Comparing models can be seen as an alternative way to validate the credibility of model outcomes and results. These two models belong to empirical forest-inventory–based bookkeeping models. We showed that when maximum harmonization is strived for in the input and scenarios, these models produce comparable results and, to a large extent, the same trends. However, when the models employ different approaches (such as for the soil compartment), the output dynamics differ. Our results highlighted those small differences in modelling principles of CBM and EFISCEN combined with the available data can yield differences in output estimates on various components. Despite the efforts invested in harmonization of the input parameters, differences remained between the estimates of the two models. Here, we discuss in detail the potential causes of these differences.
Uncertainty of input data
Developing an uncertainty or sensitivity analysis for CBM and EFISCEN was beyond the aim of our study. However, it is obvious that the estimates of both models are affected by uncertainty. According to the NFI [47, 51], the sampling error estimated for each national-scale valid indicator was typically low (e.g., 6% for fellings and 1.7% for the merchantable standing stock). Since the input data were disaggregated, it is expected that the standard error will increase (e.g., up to 12% for highly represented, e.g., Fagus sylvatica, Norway spruce and other broadleaved forests, and up to 100% for low represented, e.g., other coniferous and silver fir forests).

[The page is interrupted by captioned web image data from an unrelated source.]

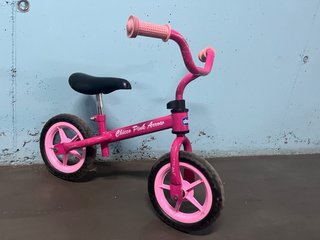 Bicicleta equilibrio infantil rosa Chicco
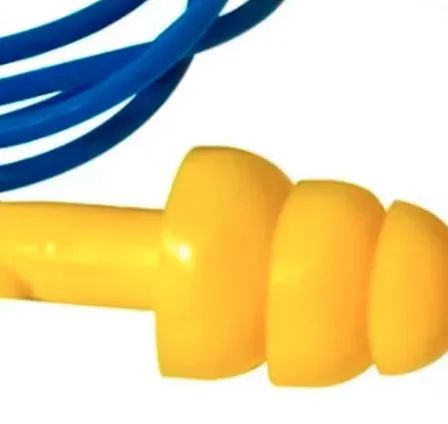 PROTETOR AURICULAR PLUG AMARELO COM POLIMERO  - Foto 3
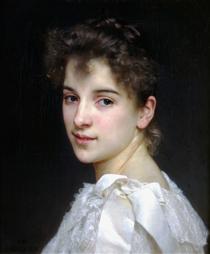 Portrait of Gabrielle Cot - William Bouguereau
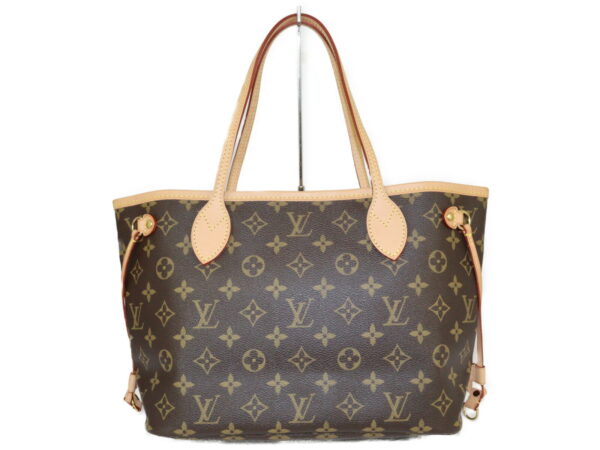 imgrc0094217178 Louis Vuitton Neverfull PM Monogram Canvas Tote Bag Brown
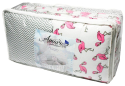 Бортик в кроватку 12 подушек-бортиков AmaroBaby Фламинго малиновый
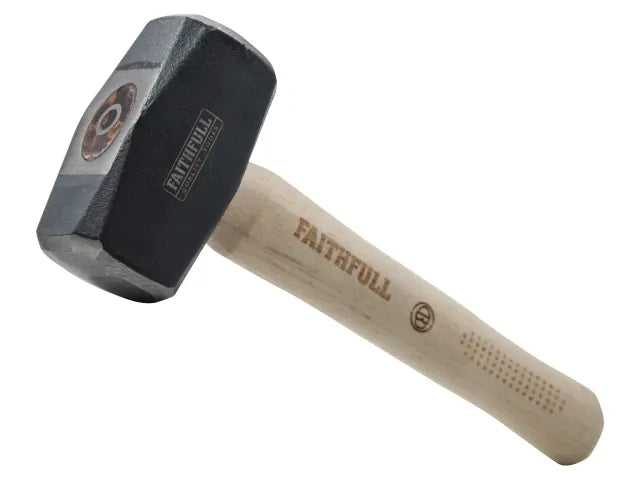 Faithfull Club Hammer FSC Hickory 1.81kg (4 lb) – Durable Heavy-Duty Tool-Eclipse Fencing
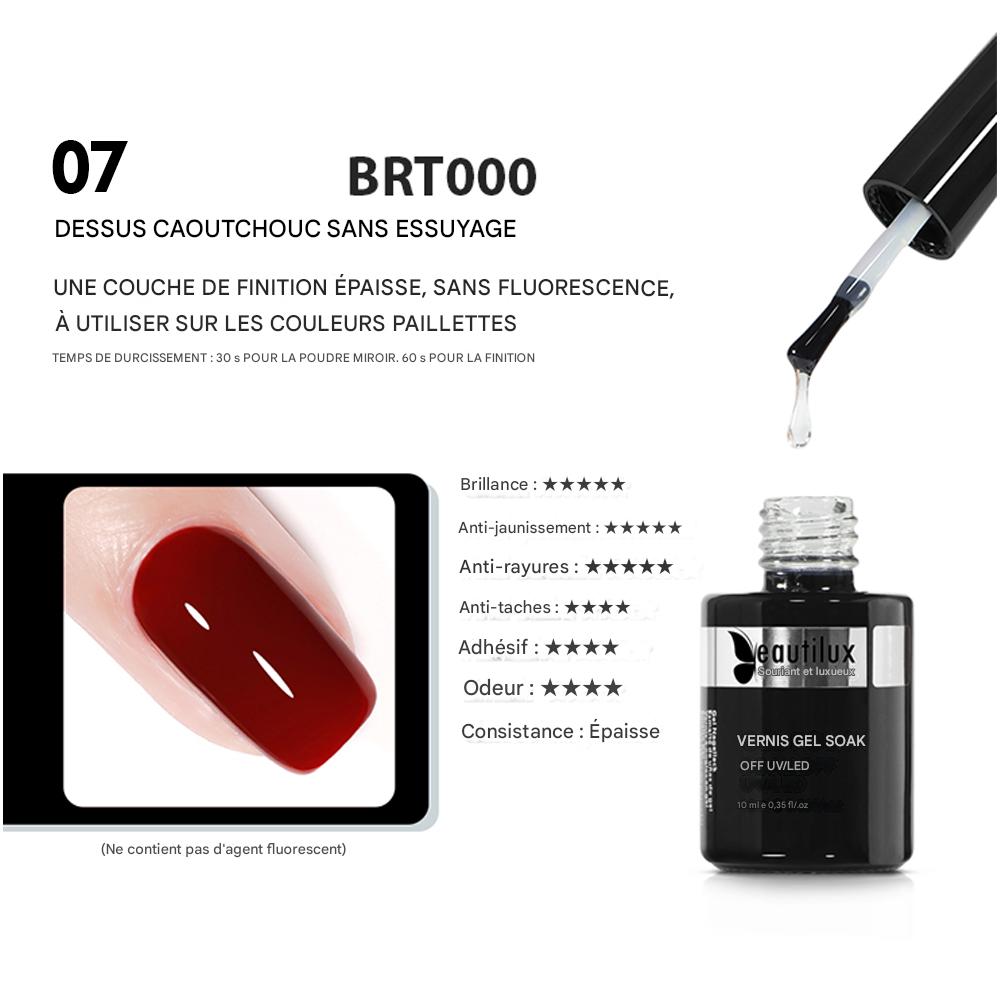 Rubber Top Coat No Wipe BRT000 10ml Image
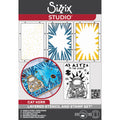 Sizzix • studio clear stamps set 10pcs 3pcs stencils ad astra by cat kerr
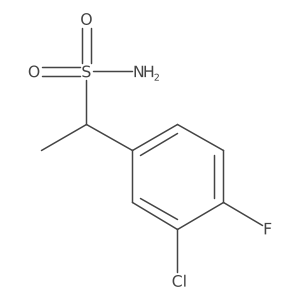 1-(3-Chloro-4-fluorophenyl)ethane-1-sulfonamide结构式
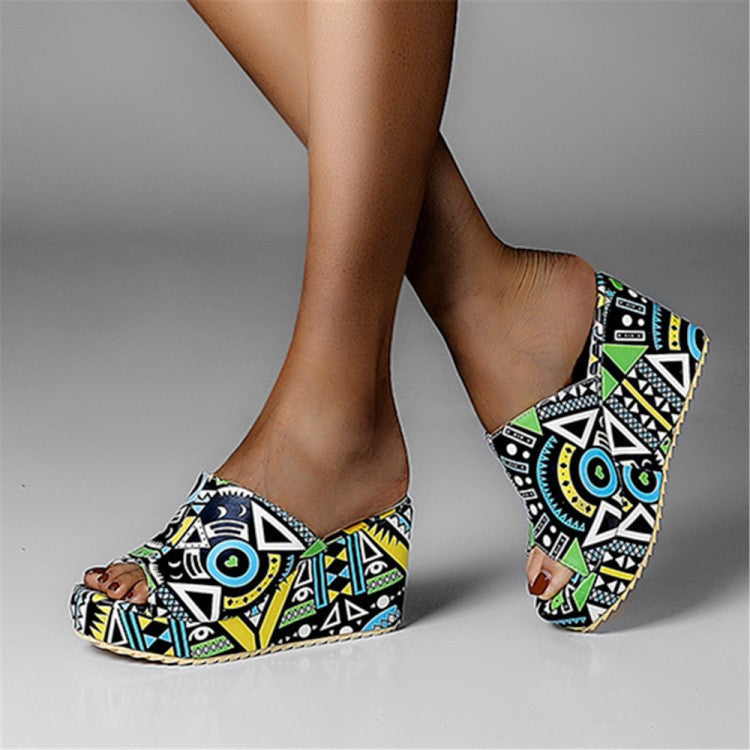 Lightweight Wedge Heel Fish Mouth Fashion Sandals Slippers Women Women DealSniper.net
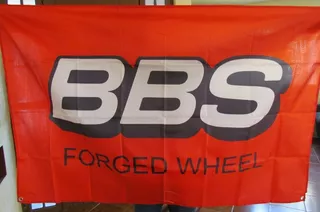 Bandera Bbs Rines Decoracion Taller Garage Refaccionaria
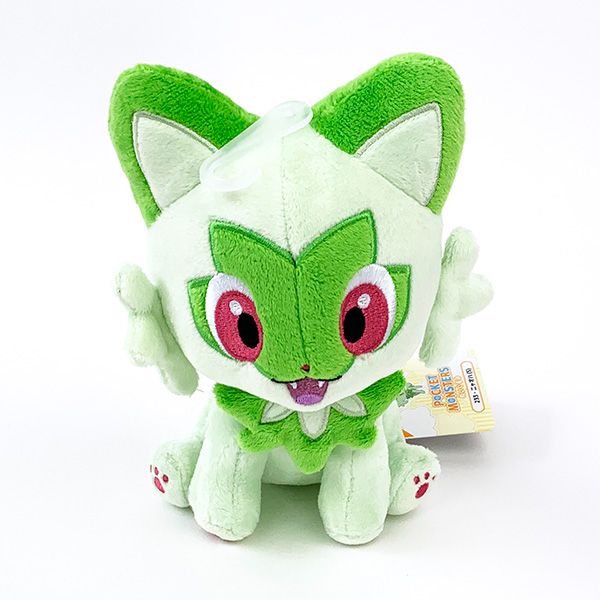 ポケモン ぱちくり ニャオハ ぬいぐるみ なでてみつめて♪ぱちくりニャオハ ｜【公式】ポケモンセンター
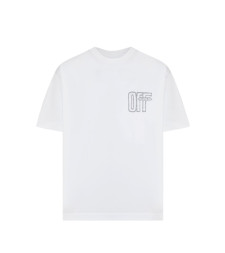[Off White] T-shirts Short Sleeve FW26 44MAA120F26J00Y100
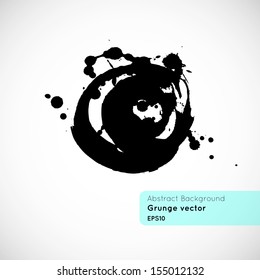 Grunge vector hand drawn background. Ink splatter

For CBM, an important source of uncertainty originates in the fit of yield, increment and Boudewyn models. These models were fitted on nationally available data. For the yield models, the residual standard error of the yield models, also relative to the mean predicted value, varied by forest type between 49 m3 ha−1, or− 20.8%, for F. sylvatica and 172 m3 ha−1, or 94.8%, for Abies alba forest type. For NAI models, the residual standard error varied between 0.68 m3 ha−1 yr−1 for Robinia pseudoacacia and 3.2 m3 ha−1 yr−1 for the “Other Broadleaved” forest type. The Boudewyn models, used to predict the proportion of biomass compartments, showed residual standard errors between 1.1% for the bark of “PredBroad” forest type and 11.5% for the proportion of R. pseudoacacia stemwood. EFISCEN uses BEF, developed for each forest type and each biomass compartment, by age class. The standard deviation of BEF varied between 6.3% for stem biomass of A. alba trees and 0.2% for branch biomass of the “Other Broadleaved” forest type. These standard deviations include, however, the variation by age class. Therefore, the standard deviation of allocation in biomass compartments within age class is expected to be smaller than the range presented.
To reduce the uncertainty sourced in these models (which act as input data in either EFISCEN or CBM), additional observations at tree and stand level should be collected from Romanian forests based on a robust sampling design. Nevertheless, data analysis should engage appropriate model selection criteria to minimize the uncertainty related to model selection.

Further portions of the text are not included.